As soon as people can read and write, socialism is surpassed

All ideas of socialism start from the premise that the factories should be placed under workers' control, and circulation organised through (state) planning. All other matters are postponed until the 'next historical stage'. Even anarchist utopias remain 'socialist' at their core, because they want to 'fairly distribute the necessary work' – which immediately begs the question of which institution is to administer this distribution. Alienated labour remains alienated labour, even if it is 'only' for four hours a day! Socialist ideas have always been bound up with the state, and the official labour movement has always tried to fight its way into the state. Only anarchist and a few left-communist currents have been anti-state, and they remain peripheral phenomena.

In developing capitalist societies in which farmers are no longer the majority, the communist parties are disbanding and becoming social-democratic parties (in Italy, for example, the PCI became the DS). Social democracy itself then jettisons its poor utopianism and publicly declares its support for capitalism (e.g. in Germany, the 'Godesberger Program' of the SPD).

All of the 'revolutionary' movements that came to power in the twentieth century became development dictatorships, from the Soviet Union to the 'young nation states'. They had the objective precondition that development seemed to be possible for everyone – an idea that capitalism's thirty-year crisis has put an end to. The precondition, from the point of view of the people, was that they believed in the state (to direct the development) – which the worldwide revolutionary movement from 1968 onwards put paid to; and which the events of 1989 confirmed. And in this historical process, the people and their ideas also changed. No-one believes, any longer, that the state will make our lives better; or that nuclear power represents a safe energy source; and there are struggles worldwide against large-scale projects whose effect is to disenfranchise.
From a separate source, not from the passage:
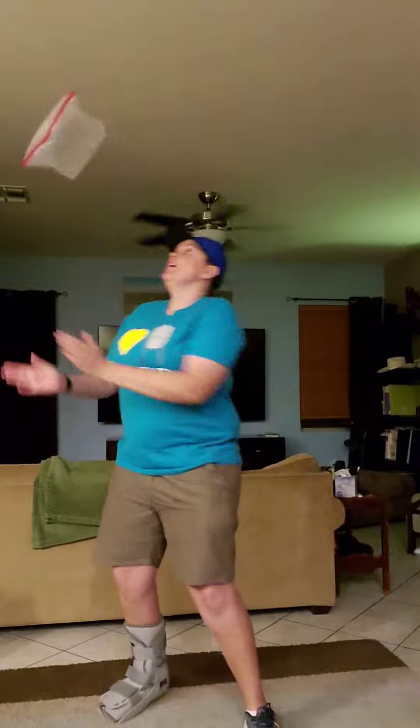Awesome. If you can do it ten times, try and hit it and then clap, then hit it again. One, two, three, four, five, six, seven, eight, nine, ten.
How are people to take their lives into their own hands, and be able to overthrow everything? Where is the power to do this supposed to come from? This is not a question of how we win the power, but of how we can destroy it. But the question must be asked.
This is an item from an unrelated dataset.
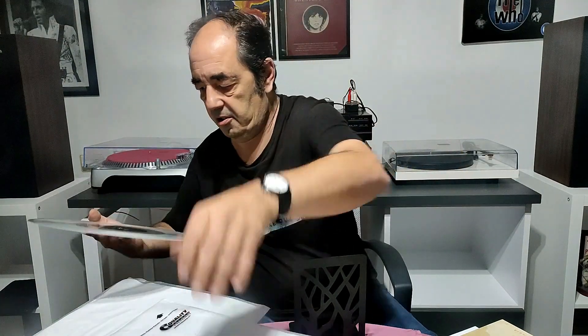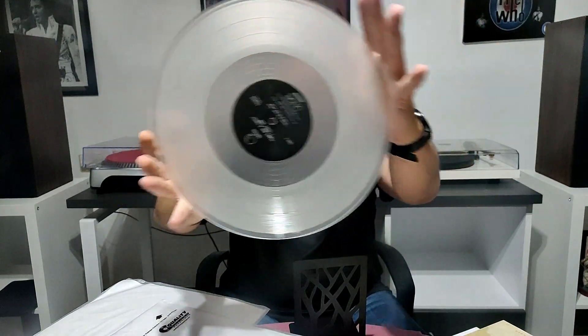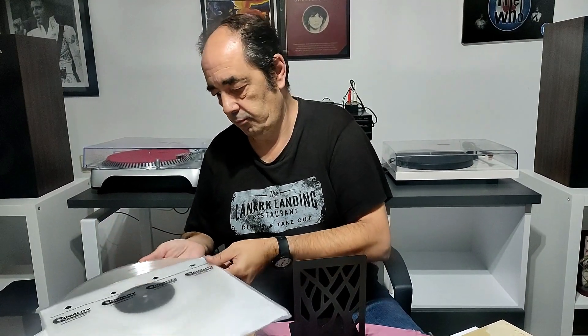Here it is — 45 RPM speed, clarity vinyl. So far, so good. I play this album on two turntables. This one has a Shure 75 stylus and this one has a Nagaoka MP 110 — as you can see, it's a Pro-Ject Debut.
Workers can change a lot when they collectively decide not to do something: when they strike

Oppressed and exploited people have always defended themselves. In this sense, the Communist Manifesto was right: history is the history of class struggle. But it is only in the capital relation that a class that can overthrow everything emerges for the first time; not simply replacing rulers and dividing up the work differently, but ending the domination of people over people and abolishing work.

The working class is more than a collection of people who are having a hard time. It is collective and interdependent on a worldwide scale, and its very collective nature is the precondition for capitalist productivity: it produces the capital. This is in marked contrast to peasants and slaves, who were also many, who were also exploited, who also fought against it, and organised heroic uprisings; but they were isolated producers, through whose work the rulers exploited the 'riches of nature'. Today, workers are in the majority worldwide, not farmers and peasants. Fewer and fewer people work directly on the land – and even those that do are mostly (rural) workers.

The working class embodies the possibility of the abolition of all classes: of communism. And the working class can only be understood in the context of this tension, and only as a process – it cannot be defined sociologically (“who belongs to it, and who doesn't?”). Capitalism has always asserted that it has overcome its class character – but as long as people have to do waged work, there will be class antagonism. And these days – in which someone who was a 'housewife' yesterday is 'unemployed' today and perhaps, tomorrow, working in an office; and the day after that sitting at a supermarket checkout, or standing at a factory assembly line – people's position in terms of class relations is far more telling than their respective job. What was that about 'professional pride', again?

All social institutions have arisen from class struggle, and all of them have to be revolutionised: prisons, schools, factories and universities; town and countryside. Gender roles and the division of people into categories such as 'healthy' or 'sick' also arise out of the valorisation of (wage) work. Political concepts that want to abolish capitalism, but that 'initially' want to leave the factories, cars and social relations, etc., just as they are, are not revolutionary but exactly the opposite.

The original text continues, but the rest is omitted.